While reading through the material below, copy each line that holds the word "metal".

============

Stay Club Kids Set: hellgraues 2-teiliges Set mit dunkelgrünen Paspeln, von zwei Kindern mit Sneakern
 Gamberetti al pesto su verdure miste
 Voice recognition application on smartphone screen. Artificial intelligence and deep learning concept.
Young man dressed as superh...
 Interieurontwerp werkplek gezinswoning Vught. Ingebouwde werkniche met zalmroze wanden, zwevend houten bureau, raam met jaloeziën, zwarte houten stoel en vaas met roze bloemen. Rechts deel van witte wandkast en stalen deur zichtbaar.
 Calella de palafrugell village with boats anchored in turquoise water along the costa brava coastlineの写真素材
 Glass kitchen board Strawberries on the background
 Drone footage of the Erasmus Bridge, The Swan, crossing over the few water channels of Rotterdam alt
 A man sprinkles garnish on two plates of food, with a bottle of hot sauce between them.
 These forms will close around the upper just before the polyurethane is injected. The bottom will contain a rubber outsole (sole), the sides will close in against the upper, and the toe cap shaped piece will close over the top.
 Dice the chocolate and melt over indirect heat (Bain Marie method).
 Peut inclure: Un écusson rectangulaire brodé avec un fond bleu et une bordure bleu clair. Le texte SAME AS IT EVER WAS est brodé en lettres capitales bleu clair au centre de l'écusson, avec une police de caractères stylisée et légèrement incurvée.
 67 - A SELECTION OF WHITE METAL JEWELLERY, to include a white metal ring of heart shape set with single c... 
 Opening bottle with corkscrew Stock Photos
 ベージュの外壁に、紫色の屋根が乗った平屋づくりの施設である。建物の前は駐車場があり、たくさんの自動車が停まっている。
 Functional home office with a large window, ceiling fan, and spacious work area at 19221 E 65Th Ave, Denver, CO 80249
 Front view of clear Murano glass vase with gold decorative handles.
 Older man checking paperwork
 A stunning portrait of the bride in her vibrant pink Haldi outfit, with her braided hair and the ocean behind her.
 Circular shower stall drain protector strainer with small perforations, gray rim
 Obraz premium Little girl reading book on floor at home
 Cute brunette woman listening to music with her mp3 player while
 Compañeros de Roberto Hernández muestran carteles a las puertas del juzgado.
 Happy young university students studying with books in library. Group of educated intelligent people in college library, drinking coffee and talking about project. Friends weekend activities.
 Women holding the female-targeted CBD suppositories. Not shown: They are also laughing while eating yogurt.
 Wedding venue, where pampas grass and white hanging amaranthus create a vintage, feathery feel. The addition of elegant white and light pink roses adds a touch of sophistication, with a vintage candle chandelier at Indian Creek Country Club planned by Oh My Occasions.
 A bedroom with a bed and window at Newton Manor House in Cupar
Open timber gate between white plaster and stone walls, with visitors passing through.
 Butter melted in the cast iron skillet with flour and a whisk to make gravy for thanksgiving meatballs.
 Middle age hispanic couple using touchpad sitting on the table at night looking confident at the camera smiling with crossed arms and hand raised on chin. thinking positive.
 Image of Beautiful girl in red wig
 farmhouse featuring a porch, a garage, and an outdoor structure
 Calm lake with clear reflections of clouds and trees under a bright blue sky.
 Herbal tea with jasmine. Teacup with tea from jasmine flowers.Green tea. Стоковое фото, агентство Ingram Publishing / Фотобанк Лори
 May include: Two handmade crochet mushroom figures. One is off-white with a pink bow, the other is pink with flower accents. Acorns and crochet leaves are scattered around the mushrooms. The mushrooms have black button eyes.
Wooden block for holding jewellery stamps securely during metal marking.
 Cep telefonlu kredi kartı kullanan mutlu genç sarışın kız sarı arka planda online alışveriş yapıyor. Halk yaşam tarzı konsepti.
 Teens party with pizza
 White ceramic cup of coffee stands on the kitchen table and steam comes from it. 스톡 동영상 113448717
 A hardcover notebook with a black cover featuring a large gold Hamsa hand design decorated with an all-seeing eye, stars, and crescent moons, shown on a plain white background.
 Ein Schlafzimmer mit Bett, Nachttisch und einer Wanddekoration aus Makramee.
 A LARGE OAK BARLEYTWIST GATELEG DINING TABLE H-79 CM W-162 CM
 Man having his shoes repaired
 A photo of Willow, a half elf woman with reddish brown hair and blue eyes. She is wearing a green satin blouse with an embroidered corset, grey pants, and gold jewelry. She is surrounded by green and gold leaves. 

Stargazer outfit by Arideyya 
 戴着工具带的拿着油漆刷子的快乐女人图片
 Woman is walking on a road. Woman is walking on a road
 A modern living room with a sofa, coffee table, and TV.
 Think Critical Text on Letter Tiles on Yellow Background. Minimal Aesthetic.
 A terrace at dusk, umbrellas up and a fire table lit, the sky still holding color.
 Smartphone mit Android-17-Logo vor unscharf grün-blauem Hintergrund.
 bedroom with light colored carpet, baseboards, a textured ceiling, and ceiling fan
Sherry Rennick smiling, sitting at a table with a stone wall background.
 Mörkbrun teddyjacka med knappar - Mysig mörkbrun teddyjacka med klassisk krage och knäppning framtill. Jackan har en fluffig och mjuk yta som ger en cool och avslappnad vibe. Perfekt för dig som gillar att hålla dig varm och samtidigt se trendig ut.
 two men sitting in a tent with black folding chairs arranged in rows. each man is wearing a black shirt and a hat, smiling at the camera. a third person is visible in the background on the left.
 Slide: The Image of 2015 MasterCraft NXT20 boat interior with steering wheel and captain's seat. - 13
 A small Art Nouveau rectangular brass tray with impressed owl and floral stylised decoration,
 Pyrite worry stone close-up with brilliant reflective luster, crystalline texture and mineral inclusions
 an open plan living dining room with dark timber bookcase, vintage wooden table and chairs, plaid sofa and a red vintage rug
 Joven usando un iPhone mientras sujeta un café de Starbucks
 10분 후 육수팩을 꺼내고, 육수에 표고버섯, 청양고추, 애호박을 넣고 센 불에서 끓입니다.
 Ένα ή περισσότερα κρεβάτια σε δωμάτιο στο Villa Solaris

============

Finished task:
 67 - A SELECTION OF WHITE METAL JEWELLERY, to include a white metal ring of heart shape set with single c... 
Wooden block for holding jewellery stamps securely during metal marking.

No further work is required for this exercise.